These guys take a more detailed empirical approach, utilising a private-sector ACE model for the housing market which they claim “for over two decades forecast prepayment [paying off your mortgage early] rates for tens of millions of individual mortgages.” The basic model is quite simple: agents have a cost of paying their mortgage earlier (both the cost charged directly by the bank and the psychological or time costs of engaging in the transaction); some level of ‘alertness’ which measures how much they pay attention to their finances; and a probability of selling their house. They then try to minimise the overall amount they pay on their mortgage, producing results which match the aggregate data on how much people prepay remarkably well:
The authors use this model as a starting point to build a more complex ACE model of the 2000s housing market, capturing the boom, bust and other aspects of the data such as mortgage rates and number of houses sold. Most usefully for policymakers - and those of us trying to understand the primary causes of the crash - they simulate counterfactuals based on freezing interest rates and leverage ratios (think of these as a measure of the banks’ financial cushions relative to how much they borrow), and find that only the latter prevents the bust. Incidentally, in the aforementioned Mark I model leverage is the key variable which pushes the economy onto a ‘good’ versus ‘bad’ path, so both models are consistent in suggesting that limiting banks’ borrowing is the key to stabilising finance.
To be sure, matching data in social science is extremely hard and is far from the only aim of economic models, including ACE. In a 2006 article Marco Janssen and Elinor Ostrom (the only woman ever to win a Nobel Prize in economics) reviewed the potential for empiricism in the ABM literature, discussing not only quantitative data but also the use of case studies and laboratory experiments. The role of these is to try and understand which mechanisms in agent behaviour lead to certain outcomes, and especially to either rule out certain possibilities or suggest novel ones in a given context. These gain empirical clout from being localised and detailed and therefore readily applicable in a given domain - such as the supermarket or traffic examples from above, or this experiment which emulates financial markets - but of course lose the generality that broad datasets can give us.

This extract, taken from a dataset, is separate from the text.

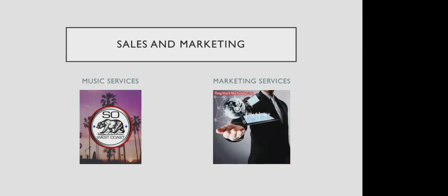To generate income with the nonprofit, we offer music services as well as marketing services. That would be where we are able to generate income to keep the business moving forward.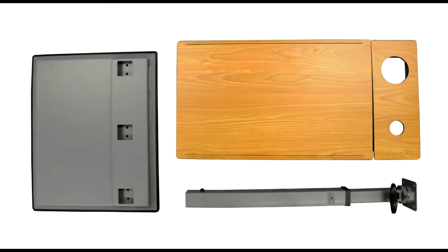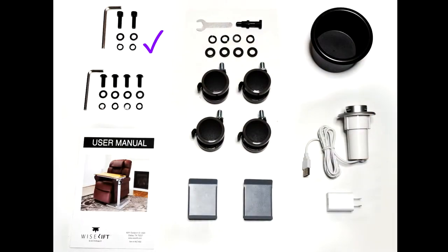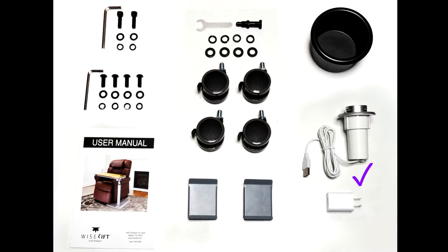The tabletop, column, base, base hardware, tabletop hardware, caster installation hardware, protective column covers, cup holder, and USB charger.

ACE is a promising approach due to its inherent feasibility, flexibility and ability to match key elements of the data, and as discussed above has proven useful in a variety of contexts. A final challenge for ACE going forward is a problem which plagues perhaps every type of economic modelling: the model works until it doesn’t. People can suddenly change their minds and start behaving very differently with the arrival of new information, laws, technology, or simply of their own free will. ACE is actually more capable of dealing with this than most approaches, since it is easy to program agents to learn and change their behaviour based on circumstance, but there is always fundamental uncertainty – things we “don’t know we don’t know”, as former US defence secretary Donald Rumsfeld famously put it - so modellers will have to be alert to changes in the real world to anticipate and react to such shifts.
Nevertheless, ACEs paint a compelling picture: as The Economist put it, “one vision is a real-time simulation, fed by masses of data” of the whole economy, continually updated and evaluated by policymakers and researchers. It would also be relatively easy to visualise, making it transparent for everyone else. The Chief Economist of the Bank of England Andy Haldane perhaps put it best when he envisioned “a Star Trek chair and a bank of monitors…tracking the global flow of funds in close to real time, in much the same way as happens with global weather systems.” Such a set-up would lend itself naturally to ACEs, with Sim City-like images in some of the screens playing out different possibilities for the economy and financial markets.